Sharon's
Latest Settlement Move
By Ali Abunimah
& Hussein Ibish
The Chicago Tribune,
09 February 2004
Israeli
Prime Minister Ariel Sharon's announcement that he plans to remove virtually
all Israeli settlers from the occupied Gaza Strip has caused a shock
wave in Israel.
Has some sudden
epiphany convinced Sharon that the settlements are the key obstacle
to peace and that Israel's future is jeopardized by the continued attempt
to incorporate occupied Palestinian territories into a greater Israel?
Many Israelis, especially
in the military, have long felt that the Gaza settlements are pointless,
and a massive drain on national resources for no serious purpose. The
small Gaza settlements are purely symbolic, in stark contrast to the
massive settlements on the West Bank, which have literally reshaped
the landscape and are designed also to transform its demographic and
political realities, making Israel's control permanent.
While Sharon talks
about removing settlements in Gaza, he is continuing to build them all
over the West Bank, because he has no intention of permitting a real
Palestinian state to be constructed.
One of the main
reasons President Bush's "road map" for peace failed was that
Sharon reneged on promises that he would start removing new settlement
"outposts." Instead, he made a show of removing a few small,
uninhabited sites, while setting up many more new ones and expanding
dozens of major settlements up and down the West Bank.
Since Sharon broke
those promises, Israel has announced thousands of new settler housing
units. It recently allocated $1 million for yet another Jewish-only
road in the West Bank, this one to connect an outpost settlement to
a school run by an extremist Israeli group the U.S. State Department
has formally designated as a terrorist organization.
Sharon's announcement
could simply be a ploy to offset scandals at home, and growing pressure
on Israel abroad, by trying to create the impression that he is taking
some far-reaching initiative without intending to actually do anything.
Within Israel, his
proposal has divided the opposition.
The right now is
split between those who see him as a traitor to the cause of settling
all of "Eretz Yisrael," or the Land of Israel, and those who
see him as a pragmatist who can make tough decisions.
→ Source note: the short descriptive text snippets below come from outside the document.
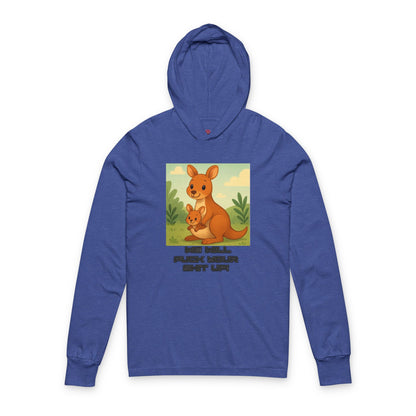Playful Kangaroo Vibe "I Will Fuck Your Shit Up" Long Sleeve Hooded Tee, Animal Lovers, Gift for Kids, Humor Shirt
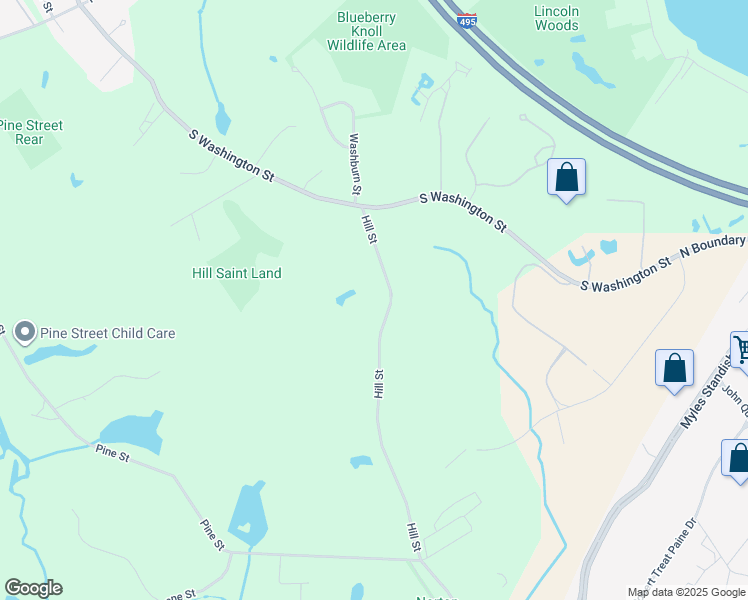 map of restaurants, bars, coffee shops, grocery stores, and more near 21 Hill Street in Norton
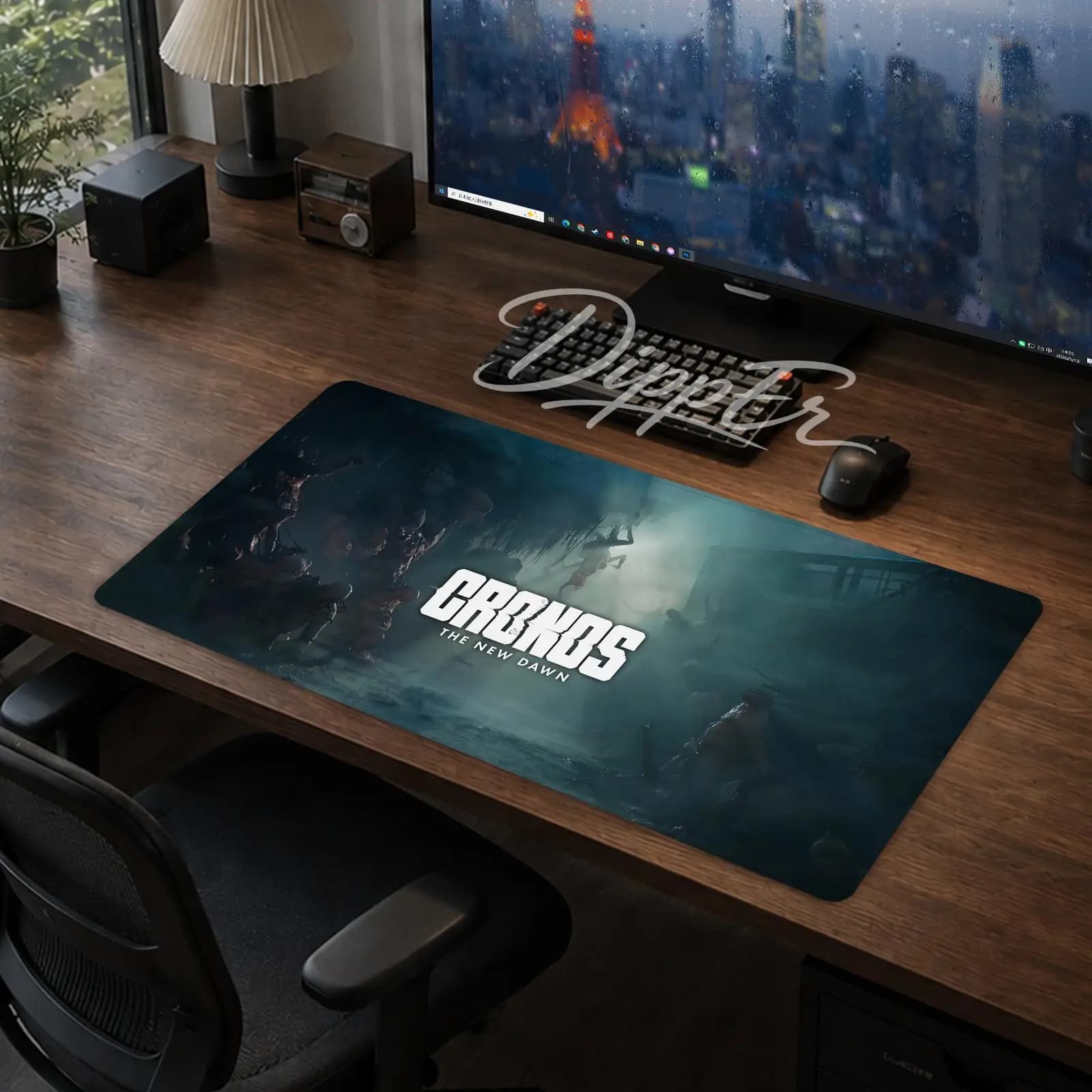 Tappetino per mouse Cronos New Dawn, tappetino da scrivania per gaming e ufficio, antiscivolo, grande, personalizzabile, con bordi cuciti e base in gomma.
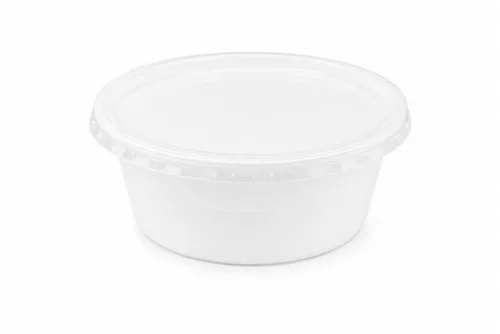 Műanyag gulyás tányér, tetőzhető, 500 ml, 50 db, fehér (KHMU332)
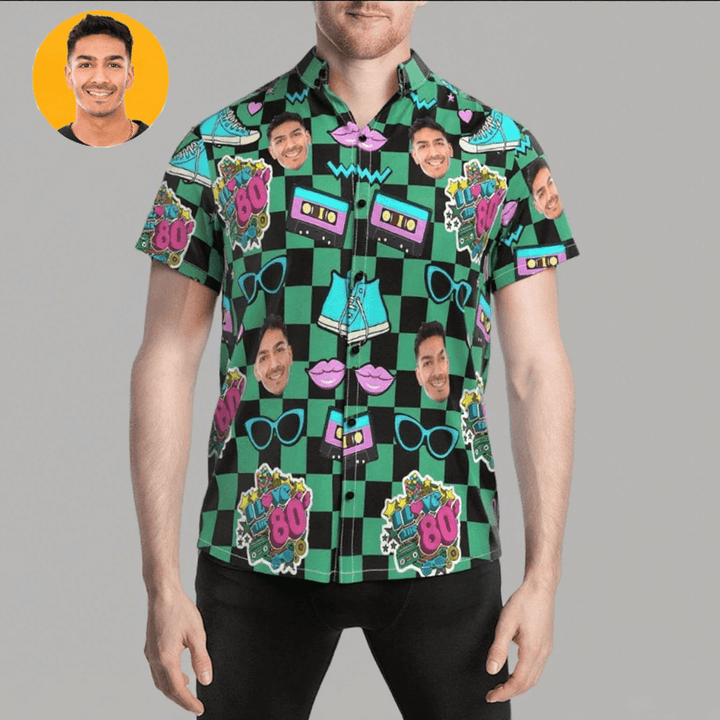 Customized Face Retro Hawaiian Shirt 80's Music Party Hawaii Shirts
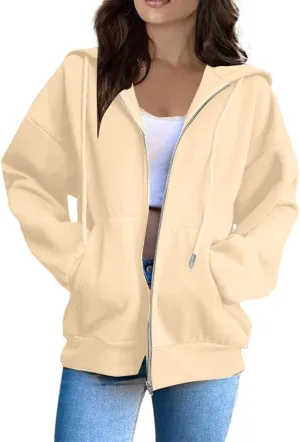SGASY Womens Zip Up Hoodies Sweatshirt Fleece Jackets 2024 Fall Fashion Outfits Winter Clothes Soft Zip Up Hoodie Women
Some on the left
mistrust him completely, while others, like Labor Party leader Shimon
Peres, welcome his proposals.
Sharon's announcement
has also drawn international attention away from the appalling separation
barrier Israel is building in the West Bank.
Sharon probably
does intend to remove the settlements from Gaza, although his strategic
vision has only been hinted at.
His spokesman Raanan
Gissin explained that "Sharon envisages territorial exchanges with
the Palestinians as part of future permanent arrangements, under which
Arab Israeli localities would pass under the sovereignty of the latter,
while Jewish settlements [in the West Bank] would be integrated into
Israeli territory."
Sharon seems to
be looking for a way to keep control of the West Bank--hence all the
new settlements and the separation wall deep inside Palestinian territory--but
maintain a Jewish majority among citizens of Israel.
Twenty percent of
Israel's citizens are Arabs. Gissin is proposing to strip at least some
of them of their citizenship and transfer their villages to a Palestinian
mini-state within a greater Israel.
From what we can
piece together from his actions and statements, Sharon's vision includes
offloading to a faux Palestinian state the burden of Gaza, political
responsibility for Palestinians in the West Bank, and a significant
number of Israeli citizens of Arab origin as well. Such an arrangement
would closely resemble efforts by South Africa's apartheid rulers to
maintain white rule and strip black citizens of their rights as South
Africans by creating ostensibly independent states for them known as
Bantustans.
That ploy failed
disastrously because the international community saw this deception
for what it was, while the injustices it created on the ground led to
ever more determined protest and resistance.
It appears that
Sharon is hoping to pull the same trick and get away with it.
Ali Abunimah is
a co-founder of The Electronic Intifada. Hussein Ibish is communications
director for the American-Arab Anti-Discrimination Committee. This article
first appeared in The Chicago Tribune on 6 February 2004.